Iron vs. Cold Iron?

[LokiDR]

Actually, as I read it, the heavier elements are byproducts of having insufficient hydrogen to fuse into helium. It isn't an orderly process, the hydrogen just undergoes fussion much easier.

 

[MerakSpielman]

Something like that.

I seem to remember it being possible for a star to have multiple layers, each using a different element to fuel the fusion reaction there. The visible part of a star is generally fusing hydrogen, because it requres the least amount of energy to ingnite. As you get deeper into the star, the hydrogen has all fused into other elements, which, if possible at the density/temperature, have also ignited.
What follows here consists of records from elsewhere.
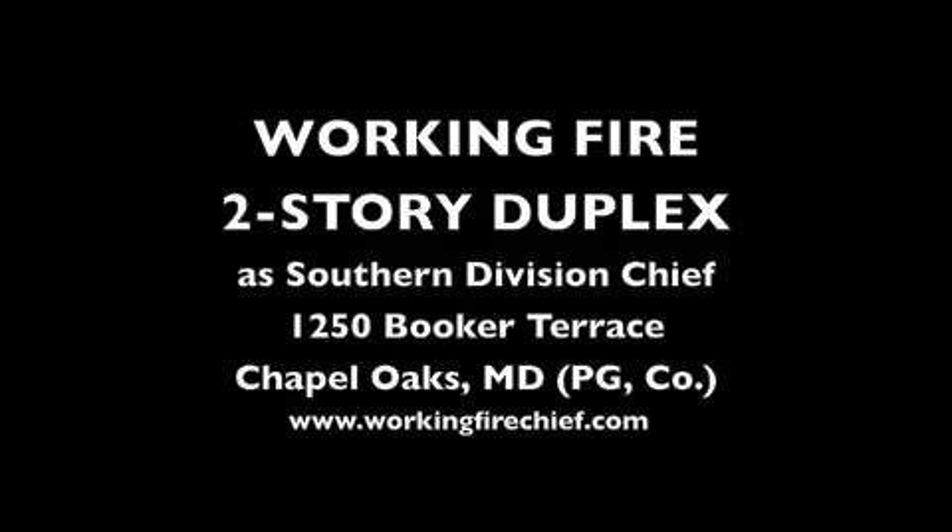1250 Booker Terrace, report a fire in the kitchen of a house. Box 3812: engine 838, engine 808, engine 833, engine 837B, tower 833, truck 809, rescue engine 833, paramedic and ambulance 838, battalion chief 881, battalion chief 883 have been alerted to respond. Tell group 8 alpha 3.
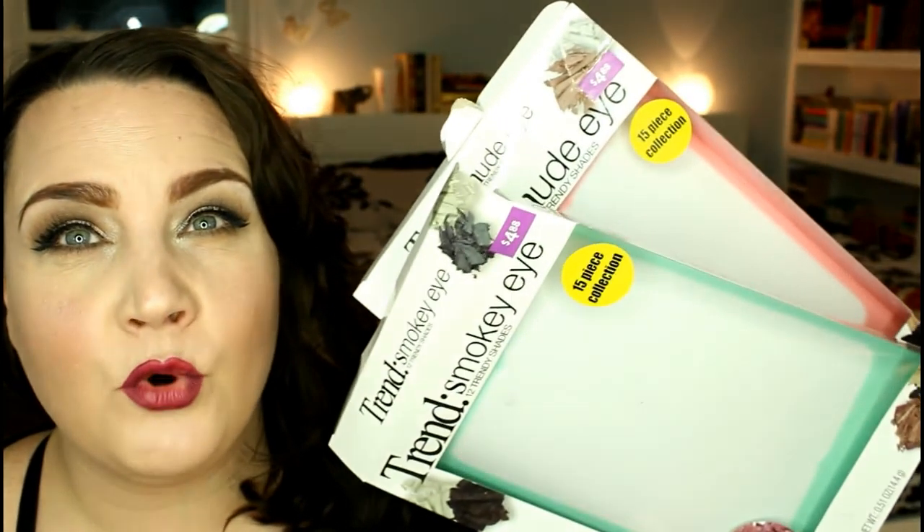We're going to finish with a couple of palettes I found at Walmart — the Trend Smoky Eye and Trend Nude Eye palettes. These are $4.88 and come in boxes. I saw them and thought it was a cool idea. I like the little tins. They're made by Mark Wins, which is the parent company for Wet n Wild — the same company making the Gotham Girls beauty books and the bigger Disney beauty books at Walgreens, which I tend to really like.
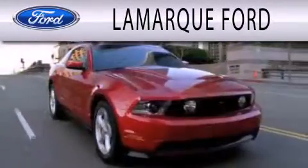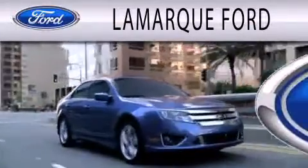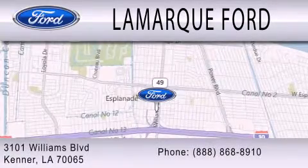Lamarck Ford is dedicated to doing everything possible to ensure that the experience you have selecting your next vehicle is as pleasant as possible. We are located at 3101 Williams Boulevard in Kenner.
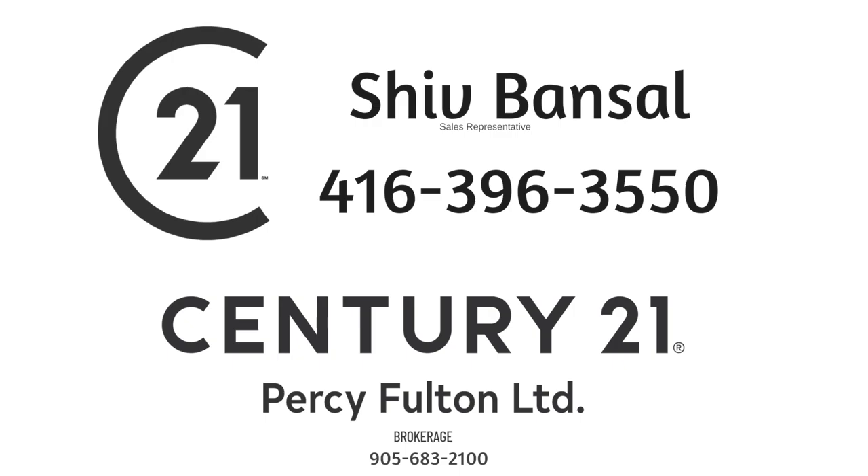Thinking of selling or buying? Call Shiv Bansal at 647-523-8201.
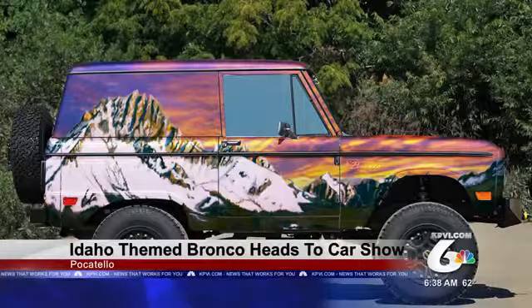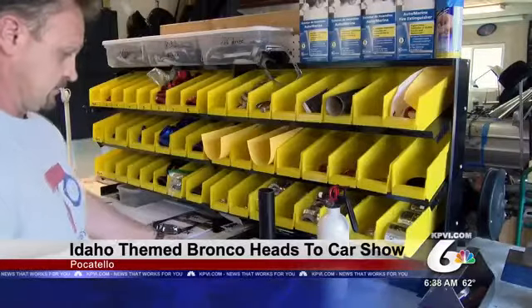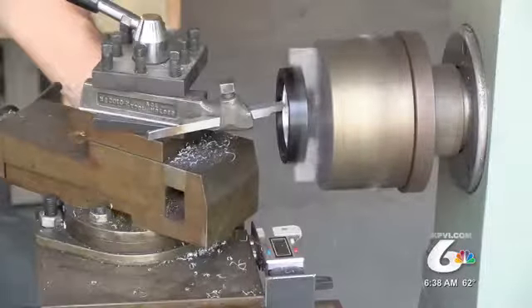A Pocatello business is helping create an Idaho-themed car that's headed to the Super Bowl of Car Shows. Meet Norma Jean. This is what the 1966 Bronco will look like when it heads to the SEMA Car Show — the Sawtooth Mounds paint on the sides and Shoshone Falls on the hood.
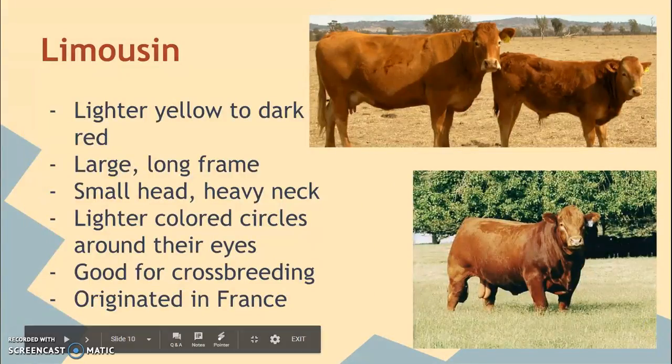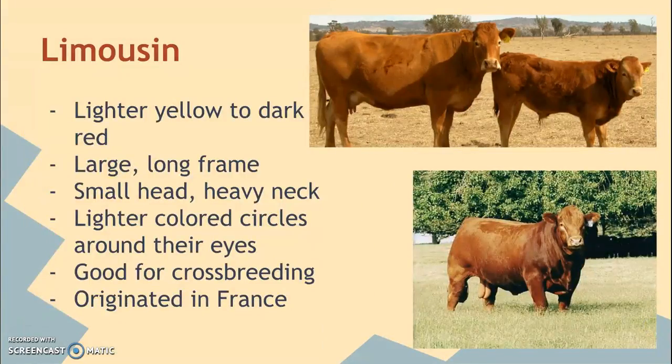The Limousin is a lighter yellow to darker red color. They have a very large, long frame — longer than say your Angus or Herefords. They have a small head and a very heavy, thick neck with heavy muscling. You can always tell it's a Limousin because they almost look like they're wearing white eyeliner — they have lighter-colored circles around their eyes. They're also a good breed for crossbreeding, very similar to the Charolais, and they originated in France.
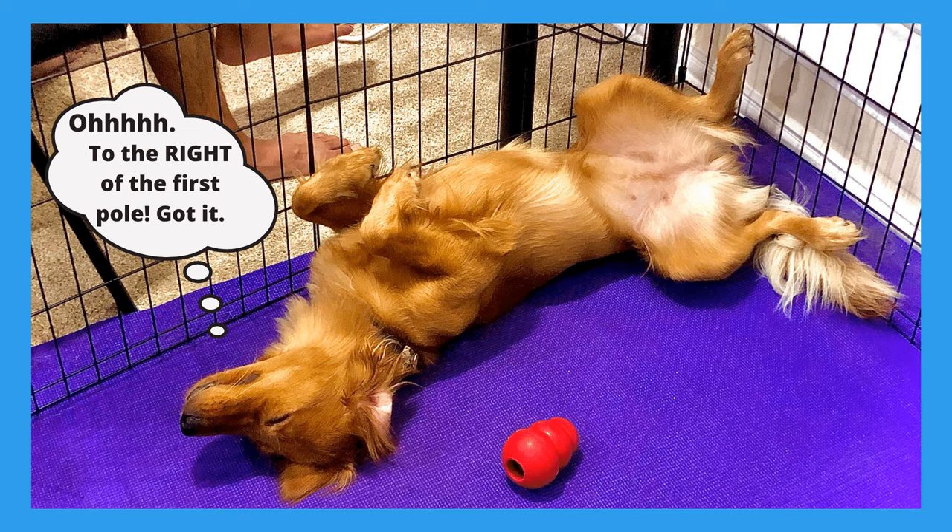I remember when I decided to start her weave poles — I would go out and train her and I just kind of thought, man, she's not the sharpest tool in the shed. Things would be a little rough, not anything horrible. And we'd come back two days later, even the next day, and she was like, 'Oh, I got this,' and just nailed it. The worse the session, the better she was when she came back.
Lots of stars end up with an iron core.

Of couse, nobody has actually managed to get core samples of a star, so I have no idea where scientists come up with this stuff, or even if I'm understanding it even close to correctly. I'm an English major, not a astrophysicist.

 

[Darklone]

Fusion may create all kinds of elements till a certain mass number, it's just statistically distributed and this distribution is influenced by temperature and pressure in the star...

 

[Spatzimaus]

The visible part of a star is generally fusing hydrogen, because it requres the least amount of energy to ingnite. As you get deeper into the star, the hydrogen has all fused into other elements, which, if possible at the density/temperature, have also ignited. Lots of stars end up with an iron core.

Almost. I'll try an explanation; let's see if I remember it all correctly.

When stars first form, they're what we refer to as "Main Sequence" stars. They burn hydrogen in their centers, forming helium which sinks to the core; they stay the same size and brightness (more or less) throughout this entire time. The outer part of any star is never actually part of the fusion process; it's just the innermost parts.
The bigger the star, the shorter the lifespan. Our sun might live for another five or six billion years, but the biggest stars last only millions. The reason is, the center is hotter (more pressure pushing down), so it burns much faster. Eventually, you'll reach a point where the center is all helium. The outer areas will still be hydrogen; for our sun, it's estimated that when it dies it'll still be something like 60% hydrogen.
At that point, the star starts expanding, turning into a red giant star. One of two things will happen:
1> If the star is big enough, the temperature at the center will become high enough to fuse helium into carbon (it usually skips over lithium and boron, and only uses beryllium as a short intermediate step in the process). You see something referred to as a "helium flash", and the star shrinks back down to something approaching its normal size.
2> If the star isn't big enough (ours isn't), a certain type of supernova occurs, most of the remaining hydrogen is blown off, and you're left with a slowly-cooling ball of gas called a "white dwarf". It still glows because it has a lot of energy stored inside, but it's not actually undergoing fusion.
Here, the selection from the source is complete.